А погибших коммунаров перевезли в станицу Брюховецкую и похоронили в молодом парке, И насыпали над ними высокий курган – могилу, какой принято, по казацкому обычаю, насыпать над воинами-героями, павшими в бою за народное счастье.

Михаил Иванович

Станица наша в бескрайних степях затерялась, как пшеничное зернышко на просторном току. И прямо надо сказать, ничем она знаменита не была – ни богатством, ни садами, ни красотою и приглядностью. Течет мимо станицы сонная, степная речушка, глядя на которую не сразу узнаешь – движется в ней вода или уснула, зацепившись за дремучие камыши. Из пяти лет – три или четыре года бывали неурожайными. Частенько в наших краях от ранней весны до поздней осени ни одного дождика не перепадало.
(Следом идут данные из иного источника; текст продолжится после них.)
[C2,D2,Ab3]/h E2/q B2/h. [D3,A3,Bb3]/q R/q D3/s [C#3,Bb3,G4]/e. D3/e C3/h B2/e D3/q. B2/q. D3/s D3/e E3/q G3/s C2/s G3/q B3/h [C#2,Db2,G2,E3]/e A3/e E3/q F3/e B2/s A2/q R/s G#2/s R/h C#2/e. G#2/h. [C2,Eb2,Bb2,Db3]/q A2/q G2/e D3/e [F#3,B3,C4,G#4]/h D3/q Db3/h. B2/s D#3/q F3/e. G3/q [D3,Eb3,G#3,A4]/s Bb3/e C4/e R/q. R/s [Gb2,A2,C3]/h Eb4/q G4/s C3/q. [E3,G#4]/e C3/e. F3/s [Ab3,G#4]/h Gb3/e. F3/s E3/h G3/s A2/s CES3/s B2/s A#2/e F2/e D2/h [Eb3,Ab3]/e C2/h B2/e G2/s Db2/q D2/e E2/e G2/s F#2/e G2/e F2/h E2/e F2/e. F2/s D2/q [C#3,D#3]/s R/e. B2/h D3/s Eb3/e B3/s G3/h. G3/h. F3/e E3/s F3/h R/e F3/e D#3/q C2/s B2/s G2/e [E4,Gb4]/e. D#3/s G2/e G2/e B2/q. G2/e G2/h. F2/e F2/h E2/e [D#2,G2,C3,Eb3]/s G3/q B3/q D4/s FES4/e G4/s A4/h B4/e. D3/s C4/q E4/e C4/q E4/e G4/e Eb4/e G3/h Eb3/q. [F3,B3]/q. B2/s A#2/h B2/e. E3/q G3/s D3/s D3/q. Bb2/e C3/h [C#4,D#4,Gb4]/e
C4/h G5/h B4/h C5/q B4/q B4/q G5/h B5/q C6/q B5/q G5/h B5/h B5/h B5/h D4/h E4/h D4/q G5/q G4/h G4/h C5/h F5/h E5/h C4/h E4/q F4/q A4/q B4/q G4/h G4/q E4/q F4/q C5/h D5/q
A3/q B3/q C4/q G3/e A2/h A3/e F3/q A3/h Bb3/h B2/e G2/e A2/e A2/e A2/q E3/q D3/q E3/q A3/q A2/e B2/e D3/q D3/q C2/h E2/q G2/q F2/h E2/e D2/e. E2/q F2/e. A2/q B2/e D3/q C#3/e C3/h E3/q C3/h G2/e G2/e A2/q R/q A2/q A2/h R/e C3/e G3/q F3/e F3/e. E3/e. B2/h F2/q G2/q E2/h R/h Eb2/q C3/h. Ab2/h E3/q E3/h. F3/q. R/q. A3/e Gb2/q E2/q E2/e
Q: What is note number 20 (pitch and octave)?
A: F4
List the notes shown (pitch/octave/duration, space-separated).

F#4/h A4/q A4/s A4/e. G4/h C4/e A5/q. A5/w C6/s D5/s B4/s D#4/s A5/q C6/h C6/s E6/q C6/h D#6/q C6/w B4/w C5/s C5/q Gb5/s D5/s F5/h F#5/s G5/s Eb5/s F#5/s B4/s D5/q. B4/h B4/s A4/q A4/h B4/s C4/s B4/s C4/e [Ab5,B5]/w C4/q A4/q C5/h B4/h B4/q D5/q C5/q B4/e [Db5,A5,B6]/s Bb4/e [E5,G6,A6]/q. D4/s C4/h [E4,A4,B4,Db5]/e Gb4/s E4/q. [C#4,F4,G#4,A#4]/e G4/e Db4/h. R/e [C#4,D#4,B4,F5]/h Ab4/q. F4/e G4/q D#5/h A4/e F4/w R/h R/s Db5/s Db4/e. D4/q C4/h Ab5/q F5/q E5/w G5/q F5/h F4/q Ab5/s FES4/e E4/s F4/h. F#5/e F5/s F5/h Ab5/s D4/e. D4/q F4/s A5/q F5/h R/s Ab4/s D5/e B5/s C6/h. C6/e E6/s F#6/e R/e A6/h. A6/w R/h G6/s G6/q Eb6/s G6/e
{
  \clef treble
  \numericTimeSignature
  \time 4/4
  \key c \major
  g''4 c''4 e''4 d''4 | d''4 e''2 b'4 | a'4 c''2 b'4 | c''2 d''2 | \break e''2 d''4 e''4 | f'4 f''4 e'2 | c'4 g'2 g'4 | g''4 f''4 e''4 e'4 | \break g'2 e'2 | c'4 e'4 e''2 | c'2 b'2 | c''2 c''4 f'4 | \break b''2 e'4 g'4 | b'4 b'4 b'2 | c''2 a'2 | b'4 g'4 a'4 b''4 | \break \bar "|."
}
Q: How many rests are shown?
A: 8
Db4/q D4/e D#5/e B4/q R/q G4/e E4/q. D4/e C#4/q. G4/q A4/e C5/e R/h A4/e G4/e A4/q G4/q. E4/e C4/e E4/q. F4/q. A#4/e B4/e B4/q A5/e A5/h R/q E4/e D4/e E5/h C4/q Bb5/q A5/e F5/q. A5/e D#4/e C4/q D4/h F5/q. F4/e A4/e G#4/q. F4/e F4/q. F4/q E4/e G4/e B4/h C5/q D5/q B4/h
Трескалась тогда земля от лютого зноя, осыпались листья с деревьев и пыльные столбы-заверти бродили по станичным улицам.

Потому, наверное, в нашей станице мало было кулаков-мироедов: ведь кулаки, как пауки, – там гнездятся, где жирнее добыча в их сети попадается. Однако и у нас было десятка полтора кирпичных домов, с крепкими железными воротами и флюгерами-петушками. Хозяева их промышляли скупкой скота, пшеницы да торговлей.

Много было в станице казаков, что числились середняками, хотя и трудно давалось им это самое середнячество – часто впроголодь жили, последние силы из себя, жен и детей своих выматывали, но тянулись жадными руками к богатству. А еще больше было у нас бедняков – таких, что два раза в году мясо ели и одни сапоги всей семьей носили.

И когда поднялся весь народ на бой кровавый с помещиками и капиталистами, многие наши станичники перехлестнули свои кубанки алыми полосками и пошли служить в красные сотни Кочубея, Балахонова, Жлобы и Буденного.

Долго омывалась горячей кровью родная земля кубанская. Потом побили и выбросили с Кубани мы белогвардейскую нечисть. Красные эскадроны ушли бить Врангеля и польских панов. А станица зажила мирной жизнью.